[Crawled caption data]
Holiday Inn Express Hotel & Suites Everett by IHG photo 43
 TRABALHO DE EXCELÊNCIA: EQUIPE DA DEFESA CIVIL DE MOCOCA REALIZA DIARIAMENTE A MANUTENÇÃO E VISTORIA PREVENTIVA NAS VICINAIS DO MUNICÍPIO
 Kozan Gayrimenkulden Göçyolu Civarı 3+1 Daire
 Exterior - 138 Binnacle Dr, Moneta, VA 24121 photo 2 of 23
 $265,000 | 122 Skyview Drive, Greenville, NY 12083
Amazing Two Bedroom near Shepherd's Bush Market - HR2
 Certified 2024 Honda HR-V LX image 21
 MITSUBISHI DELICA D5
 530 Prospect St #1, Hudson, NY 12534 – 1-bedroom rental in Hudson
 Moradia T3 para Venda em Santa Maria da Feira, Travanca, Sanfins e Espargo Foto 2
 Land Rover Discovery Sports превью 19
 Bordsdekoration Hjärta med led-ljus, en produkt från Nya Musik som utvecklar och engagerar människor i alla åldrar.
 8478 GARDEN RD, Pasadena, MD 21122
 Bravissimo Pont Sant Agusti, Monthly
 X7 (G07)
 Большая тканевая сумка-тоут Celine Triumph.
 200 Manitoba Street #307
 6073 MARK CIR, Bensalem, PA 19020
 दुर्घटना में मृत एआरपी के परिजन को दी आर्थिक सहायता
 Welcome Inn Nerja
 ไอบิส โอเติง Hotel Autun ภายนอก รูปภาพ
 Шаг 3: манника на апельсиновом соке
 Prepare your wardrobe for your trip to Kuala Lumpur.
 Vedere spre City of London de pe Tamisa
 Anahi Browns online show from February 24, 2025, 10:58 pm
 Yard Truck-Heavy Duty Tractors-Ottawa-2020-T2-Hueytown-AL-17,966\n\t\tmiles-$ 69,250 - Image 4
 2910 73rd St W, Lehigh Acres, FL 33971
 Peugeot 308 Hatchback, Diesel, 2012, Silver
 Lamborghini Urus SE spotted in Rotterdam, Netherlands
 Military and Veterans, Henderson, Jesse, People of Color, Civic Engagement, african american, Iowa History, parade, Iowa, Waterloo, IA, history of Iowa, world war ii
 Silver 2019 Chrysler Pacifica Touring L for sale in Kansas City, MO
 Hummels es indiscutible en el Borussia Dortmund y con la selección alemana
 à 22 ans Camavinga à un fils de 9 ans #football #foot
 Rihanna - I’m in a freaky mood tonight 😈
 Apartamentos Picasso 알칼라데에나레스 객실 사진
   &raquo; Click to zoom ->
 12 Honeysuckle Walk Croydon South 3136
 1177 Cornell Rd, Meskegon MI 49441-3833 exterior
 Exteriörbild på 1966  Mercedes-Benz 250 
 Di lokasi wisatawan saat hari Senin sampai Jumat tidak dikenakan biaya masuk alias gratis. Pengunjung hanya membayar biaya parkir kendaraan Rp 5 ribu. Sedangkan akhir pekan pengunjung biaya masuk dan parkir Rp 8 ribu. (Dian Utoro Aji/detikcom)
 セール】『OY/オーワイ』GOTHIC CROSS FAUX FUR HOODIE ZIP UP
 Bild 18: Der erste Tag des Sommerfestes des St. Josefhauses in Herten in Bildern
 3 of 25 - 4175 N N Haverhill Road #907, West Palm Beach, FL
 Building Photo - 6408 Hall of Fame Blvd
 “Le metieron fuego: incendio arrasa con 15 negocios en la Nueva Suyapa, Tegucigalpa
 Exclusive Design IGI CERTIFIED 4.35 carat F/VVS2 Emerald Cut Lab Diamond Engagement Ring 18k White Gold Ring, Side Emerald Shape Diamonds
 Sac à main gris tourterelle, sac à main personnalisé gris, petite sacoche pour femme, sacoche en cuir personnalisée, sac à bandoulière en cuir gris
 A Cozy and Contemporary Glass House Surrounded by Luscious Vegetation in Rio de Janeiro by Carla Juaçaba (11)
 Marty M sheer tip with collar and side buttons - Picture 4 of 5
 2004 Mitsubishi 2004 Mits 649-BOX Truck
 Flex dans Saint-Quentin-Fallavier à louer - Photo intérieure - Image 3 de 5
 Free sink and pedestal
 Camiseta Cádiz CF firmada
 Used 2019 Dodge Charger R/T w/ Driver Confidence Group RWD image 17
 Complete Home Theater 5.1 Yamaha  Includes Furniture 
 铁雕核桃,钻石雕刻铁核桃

→ **Problem**
Without changing a single word, reproduce the entries above.

→ **Result of this exercise**
Holiday Inn Express Hotel & Suites Everett by IHG photo 43
 TRABALHO DE EXCELÊNCIA: EQUIPE DA DEFESA CIVIL DE MOCOCA REALIZA DIARIAMENTE A MANUTENÇÃO E VISTORIA PREVENTIVA NAS VICINAIS DO MUNICÍPIO
 Kozan Gayrimenkulden Göçyolu Civarı 3+1 Daire
 Exterior - 138 Binnacle Dr, Moneta, VA 24121 photo 2 of 23
 $265,000 | 122 Skyview Drive, Greenville, NY 12083
Amazing Two Bedroom near Shepherd's Bush Market - HR2
 Certified 2024 Honda HR-V LX image 21
 MITSUBISHI DELICA D5
 530 Prospect St #1, Hudson, NY 12534 – 1-bedroom rental in Hudson
 Moradia T3 para Venda em Santa Maria da Feira, Travanca, Sanfins e Espargo Foto 2
 Land Rover Discovery Sports превью 19
 Bordsdekoration Hjärta med led-ljus, en produkt från Nya Musik som utvecklar och engagerar människor i alla åldrar.
 8478 GARDEN RD, Pasadena, MD 21122
 Bravissimo Pont Sant Agusti, Monthly
 X7 (G07)
 Большая тканевая сумка-тоут Celine Triumph.
 200 Manitoba Street #307
 6073 MARK CIR, Bensalem, PA 19020
 दुर्घटना में मृत एआरपी के परिजन को दी आर्थिक सहायता
 Welcome Inn Nerja
 ไอบิส โอเติง Hotel Autun ภายนอก รูปภาพ
 Шаг 3: манника на апельсиновом соке
 Prepare your wardrobe for your trip to Kuala Lumpur.
 Vedere spre City of London de pe Tamisa
 Anahi Browns online show from February 24, 2025, 10:58 pm
 Yard Truck-Heavy Duty Tractors-Ottawa-2020-T2-Hueytown-AL-17,966\n\t\tmiles-$ 69,250 - Image 4
 2910 73rd St W, Lehigh Acres, FL 33971
 Peugeot 308 Hatchback, Diesel, 2012, Silver
 Lamborghini Urus SE spotted in Rotterdam, Netherlands
 Military and Veterans, Henderson, Jesse, People of Color, Civic Engagement, african american, Iowa History, parade, Iowa, Waterloo, IA, history of Iowa, world war ii
 Silver 2019 Chrysler Pacifica Touring L for sale in Kansas City, MO
 Hummels es indiscutible en el Borussia Dortmund y con la selección alemana
 à 22 ans Camavinga à un fils de 9 ans #football #foot
 Rihanna - I’m in a freaky mood tonight 😈
 Apartamentos Picasso 알칼라데에나레스 객실 사진
   &raquo; Click to zoom ->
 12 Honeysuckle Walk Croydon South 3136
 1177 Cornell Rd, Meskegon MI 49441-3833 exterior
 Exteriörbild på 1966  Mercedes-Benz 250 
 Di lokasi wisatawan saat hari Senin sampai Jumat tidak dikenakan biaya masuk alias gratis. Pengunjung hanya membayar biaya parkir kendaraan Rp 5 ribu. Sedangkan akhir pekan pengunjung biaya masuk dan parkir Rp 8 ribu. (Dian Utoro Aji/detikcom)
 セール】『OY/オーワイ』GOTHIC CROSS FAUX FUR HOODIE ZIP UP
 Bild 18: Der erste Tag des Sommerfestes des St. Josefhauses in Herten in Bildern
 3 of 25 - 4175 N N Haverhill Road #907, West Palm Beach, FL
 Building Photo - 6408 Hall of Fame Blvd
 “Le metieron fuego: incendio arrasa con 15 negocios en la Nueva Suyapa, Tegucigalpa
 Exclusive Design IGI CERTIFIED 4.35 carat F/VVS2 Emerald Cut Lab Diamond Engagement Ring 18k White Gold Ring, Side Emerald Shape Diamonds
 Sac à main gris tourterelle, sac à main personnalisé gris, petite sacoche pour femme, sacoche en cuir personnalisée, sac à bandoulière en cuir gris
 A Cozy and Contemporary Glass House Surrounded by Luscious Vegetation in Rio de Janeiro by Carla Juaçaba (11)
 Marty M sheer tip with collar and side buttons - Picture 4 of 5
 2004 Mitsubishi 2004 Mits 649-BOX Truck
 Flex dans Saint-Quentin-Fallavier à louer - Photo intérieure - Image 3 de 5
 Free sink and pedestal
 Camiseta Cádiz CF firmada
 Used 2019 Dodge Charger R/T w/ Driver Confidence Group RWD image 17
 Complete Home Theater 5.1 Yamaha  Includes Furniture 
 铁雕核桃,钻石雕刻铁核桃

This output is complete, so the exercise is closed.